┌──

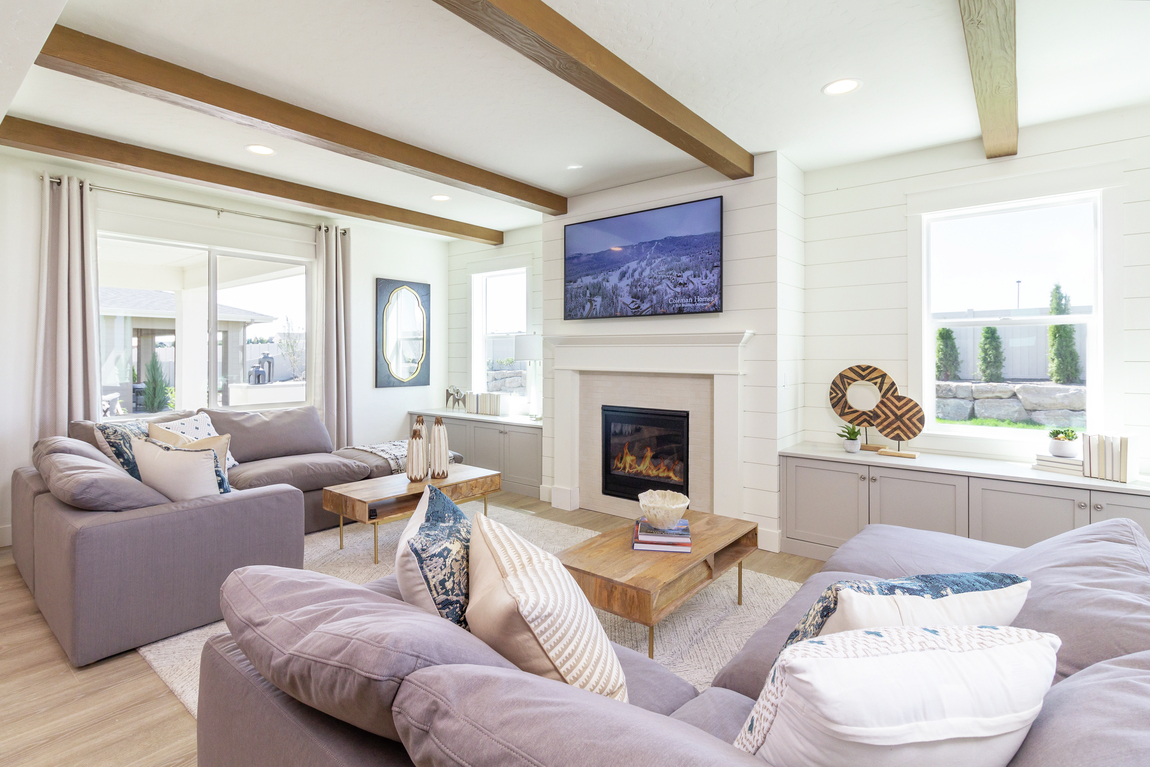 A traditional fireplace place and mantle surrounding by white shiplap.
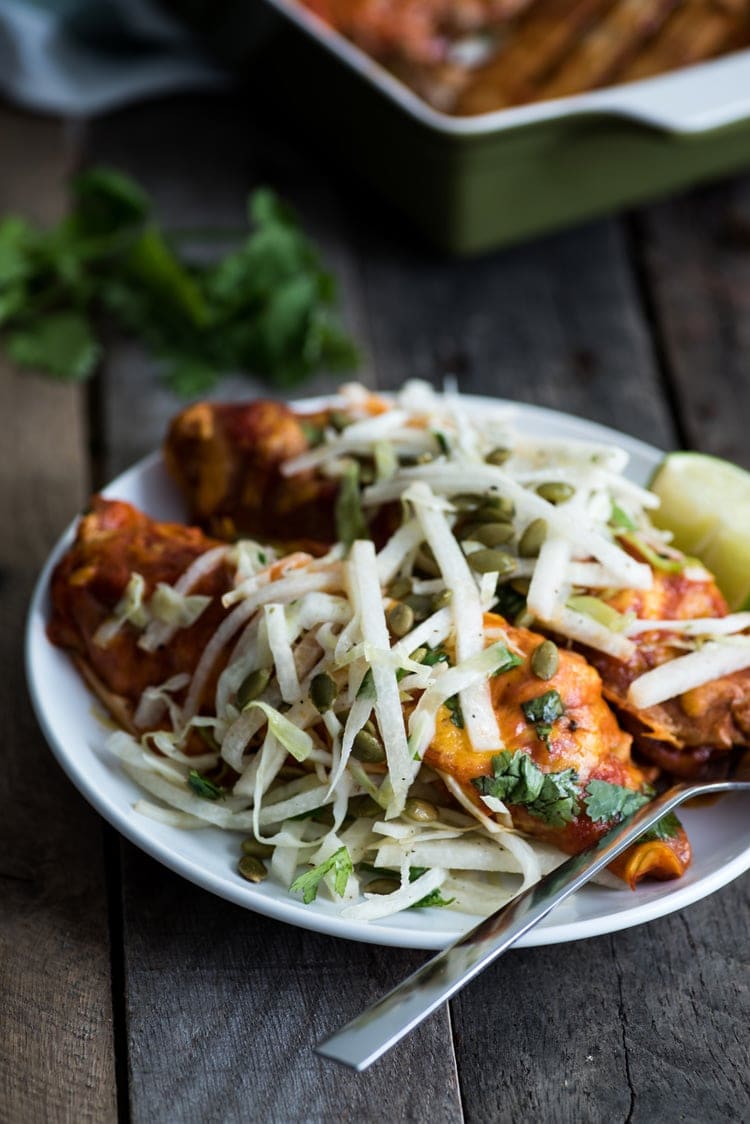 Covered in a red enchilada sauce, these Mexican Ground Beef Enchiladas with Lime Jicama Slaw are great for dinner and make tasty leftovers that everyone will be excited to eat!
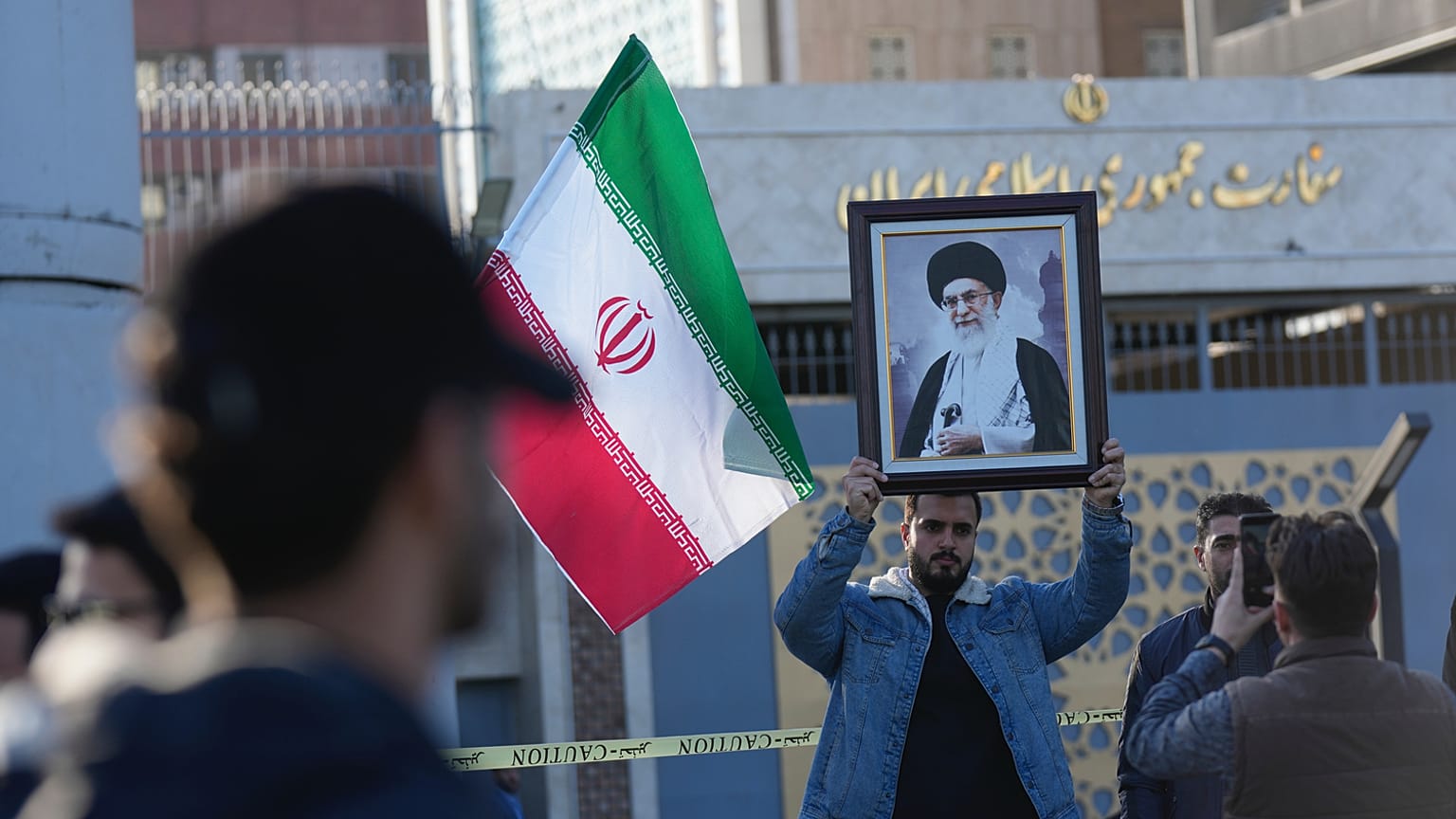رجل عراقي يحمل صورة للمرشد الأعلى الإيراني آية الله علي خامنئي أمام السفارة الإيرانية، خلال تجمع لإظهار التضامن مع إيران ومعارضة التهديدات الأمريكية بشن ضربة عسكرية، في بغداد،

└──
┌──

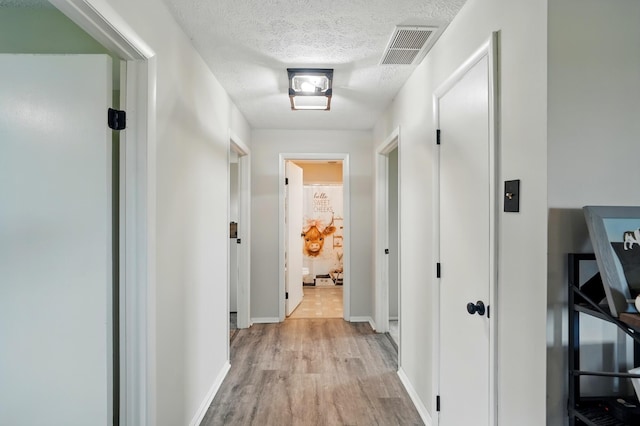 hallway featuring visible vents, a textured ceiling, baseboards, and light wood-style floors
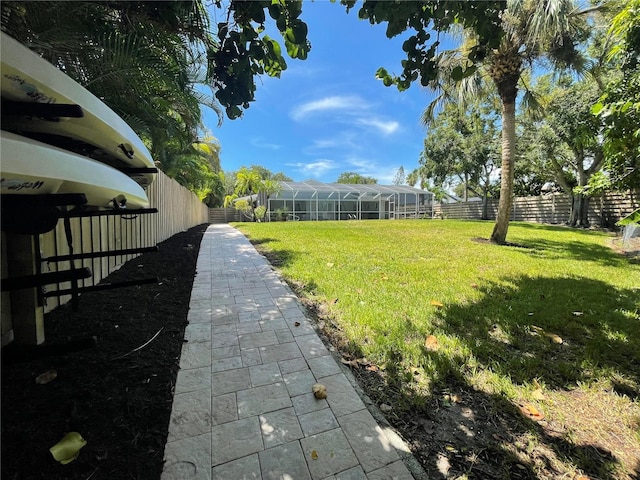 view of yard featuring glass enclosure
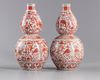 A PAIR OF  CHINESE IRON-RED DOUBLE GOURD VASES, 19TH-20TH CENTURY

└──

### Requirement
Your answer must be everything above from the line with "hallway featuring visible" down to the line with "VASES, 19TH-20TH CENTURY", word for word, and no pictures.

### Response area
 hallway featuring visible vents, a textured ceiling, baseboards, and light wood-style floors
 view of yard featuring glass enclosure
 A PAIR OF  CHINESE IRON-RED DOUBLE GOURD VASES, 19TH-20TH CENTURY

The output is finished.